[Data excerpts]
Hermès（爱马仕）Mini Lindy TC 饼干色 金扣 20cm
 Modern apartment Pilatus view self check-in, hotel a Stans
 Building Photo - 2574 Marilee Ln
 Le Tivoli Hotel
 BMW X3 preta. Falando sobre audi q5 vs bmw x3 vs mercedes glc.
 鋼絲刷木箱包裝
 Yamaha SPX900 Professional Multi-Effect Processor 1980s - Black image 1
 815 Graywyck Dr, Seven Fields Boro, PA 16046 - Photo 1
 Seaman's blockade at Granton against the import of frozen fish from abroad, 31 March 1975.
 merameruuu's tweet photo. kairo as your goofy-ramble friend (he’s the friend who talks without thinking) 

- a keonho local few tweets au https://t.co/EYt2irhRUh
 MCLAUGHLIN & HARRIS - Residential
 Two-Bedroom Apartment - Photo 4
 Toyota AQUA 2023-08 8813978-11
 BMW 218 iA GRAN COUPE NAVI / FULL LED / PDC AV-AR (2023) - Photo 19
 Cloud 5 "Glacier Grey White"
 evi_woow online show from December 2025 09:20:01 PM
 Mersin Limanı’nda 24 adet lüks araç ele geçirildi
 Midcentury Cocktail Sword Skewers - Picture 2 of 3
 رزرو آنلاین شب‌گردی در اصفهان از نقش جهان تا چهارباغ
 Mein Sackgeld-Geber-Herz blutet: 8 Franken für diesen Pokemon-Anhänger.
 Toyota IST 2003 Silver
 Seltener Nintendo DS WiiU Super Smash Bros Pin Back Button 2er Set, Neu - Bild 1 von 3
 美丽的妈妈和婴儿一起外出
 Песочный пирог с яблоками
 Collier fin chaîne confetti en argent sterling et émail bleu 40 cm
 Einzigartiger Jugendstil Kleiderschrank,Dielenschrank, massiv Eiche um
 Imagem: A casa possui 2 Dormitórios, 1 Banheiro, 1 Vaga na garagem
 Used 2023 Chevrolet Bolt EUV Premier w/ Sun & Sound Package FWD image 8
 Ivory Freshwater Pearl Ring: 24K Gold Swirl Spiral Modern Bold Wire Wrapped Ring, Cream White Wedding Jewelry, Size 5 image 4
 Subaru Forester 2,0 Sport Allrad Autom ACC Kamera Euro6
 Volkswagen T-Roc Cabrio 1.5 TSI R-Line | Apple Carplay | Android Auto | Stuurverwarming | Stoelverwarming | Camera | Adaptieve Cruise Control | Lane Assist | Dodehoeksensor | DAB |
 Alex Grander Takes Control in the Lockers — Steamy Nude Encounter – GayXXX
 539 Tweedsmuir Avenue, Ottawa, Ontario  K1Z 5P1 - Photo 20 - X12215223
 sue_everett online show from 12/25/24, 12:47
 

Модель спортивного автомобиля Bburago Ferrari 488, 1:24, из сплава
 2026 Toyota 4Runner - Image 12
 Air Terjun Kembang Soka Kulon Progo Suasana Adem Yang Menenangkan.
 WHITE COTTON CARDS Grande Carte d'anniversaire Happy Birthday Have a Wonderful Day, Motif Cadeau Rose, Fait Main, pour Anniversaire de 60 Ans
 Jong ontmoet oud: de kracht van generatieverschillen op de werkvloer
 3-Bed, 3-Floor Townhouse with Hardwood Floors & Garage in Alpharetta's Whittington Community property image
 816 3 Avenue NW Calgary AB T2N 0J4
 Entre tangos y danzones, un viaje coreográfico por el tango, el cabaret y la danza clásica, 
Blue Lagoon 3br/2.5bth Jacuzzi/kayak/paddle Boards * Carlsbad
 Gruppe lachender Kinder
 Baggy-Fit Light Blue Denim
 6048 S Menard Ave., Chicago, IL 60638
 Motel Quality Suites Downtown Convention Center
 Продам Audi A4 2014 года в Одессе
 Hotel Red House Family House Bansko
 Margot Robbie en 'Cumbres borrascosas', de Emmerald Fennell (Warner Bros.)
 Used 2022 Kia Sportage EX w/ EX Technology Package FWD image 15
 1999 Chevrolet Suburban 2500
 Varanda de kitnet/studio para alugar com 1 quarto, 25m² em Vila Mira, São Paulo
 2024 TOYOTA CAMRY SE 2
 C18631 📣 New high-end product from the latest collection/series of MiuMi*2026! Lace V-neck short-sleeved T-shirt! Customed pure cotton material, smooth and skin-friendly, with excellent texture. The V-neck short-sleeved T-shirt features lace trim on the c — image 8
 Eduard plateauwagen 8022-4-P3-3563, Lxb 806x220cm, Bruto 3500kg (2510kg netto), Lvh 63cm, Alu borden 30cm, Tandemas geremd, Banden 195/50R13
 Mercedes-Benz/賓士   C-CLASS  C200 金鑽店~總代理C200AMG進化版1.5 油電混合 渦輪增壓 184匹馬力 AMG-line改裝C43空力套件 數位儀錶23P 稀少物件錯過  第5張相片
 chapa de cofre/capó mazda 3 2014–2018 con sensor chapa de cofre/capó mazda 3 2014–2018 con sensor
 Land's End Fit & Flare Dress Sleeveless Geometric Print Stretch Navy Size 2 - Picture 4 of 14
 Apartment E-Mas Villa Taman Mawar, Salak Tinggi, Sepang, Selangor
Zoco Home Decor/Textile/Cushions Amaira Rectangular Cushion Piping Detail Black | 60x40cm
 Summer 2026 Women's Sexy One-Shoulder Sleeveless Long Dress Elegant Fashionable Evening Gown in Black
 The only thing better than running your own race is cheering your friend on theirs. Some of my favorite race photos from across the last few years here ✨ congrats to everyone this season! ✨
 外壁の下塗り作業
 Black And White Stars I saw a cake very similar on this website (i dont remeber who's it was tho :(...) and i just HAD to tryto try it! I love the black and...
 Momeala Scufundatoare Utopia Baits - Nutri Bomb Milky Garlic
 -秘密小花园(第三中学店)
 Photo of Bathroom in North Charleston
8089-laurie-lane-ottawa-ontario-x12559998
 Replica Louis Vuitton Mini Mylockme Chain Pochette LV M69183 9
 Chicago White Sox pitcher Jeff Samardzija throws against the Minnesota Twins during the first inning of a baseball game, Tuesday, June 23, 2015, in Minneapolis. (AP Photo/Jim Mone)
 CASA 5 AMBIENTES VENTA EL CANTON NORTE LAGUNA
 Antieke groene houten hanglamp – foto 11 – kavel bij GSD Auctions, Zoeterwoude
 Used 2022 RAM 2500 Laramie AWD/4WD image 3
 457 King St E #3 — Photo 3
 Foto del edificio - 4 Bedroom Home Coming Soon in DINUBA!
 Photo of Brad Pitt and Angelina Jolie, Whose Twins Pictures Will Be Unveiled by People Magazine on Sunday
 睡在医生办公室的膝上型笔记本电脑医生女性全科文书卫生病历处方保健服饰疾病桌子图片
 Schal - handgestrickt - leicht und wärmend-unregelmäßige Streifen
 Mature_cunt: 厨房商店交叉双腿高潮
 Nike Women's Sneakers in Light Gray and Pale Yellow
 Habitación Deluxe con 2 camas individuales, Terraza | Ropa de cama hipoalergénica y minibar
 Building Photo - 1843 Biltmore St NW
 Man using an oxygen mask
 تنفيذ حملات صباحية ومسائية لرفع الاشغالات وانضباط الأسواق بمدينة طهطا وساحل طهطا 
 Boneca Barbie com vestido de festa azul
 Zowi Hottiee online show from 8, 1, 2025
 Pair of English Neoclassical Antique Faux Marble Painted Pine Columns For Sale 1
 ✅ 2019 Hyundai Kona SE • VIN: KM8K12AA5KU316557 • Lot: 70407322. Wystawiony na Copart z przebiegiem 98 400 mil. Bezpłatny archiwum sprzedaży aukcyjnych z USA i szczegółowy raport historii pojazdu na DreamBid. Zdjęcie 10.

**TASK TO COMPLETE**
Copy all lines of the records that have the string "Light" in them.

**ANSWER SPACE**
 Baggy-Fit Light Blue Denim
 Nike Women's Sneakers in Light Gray and Pale Yellow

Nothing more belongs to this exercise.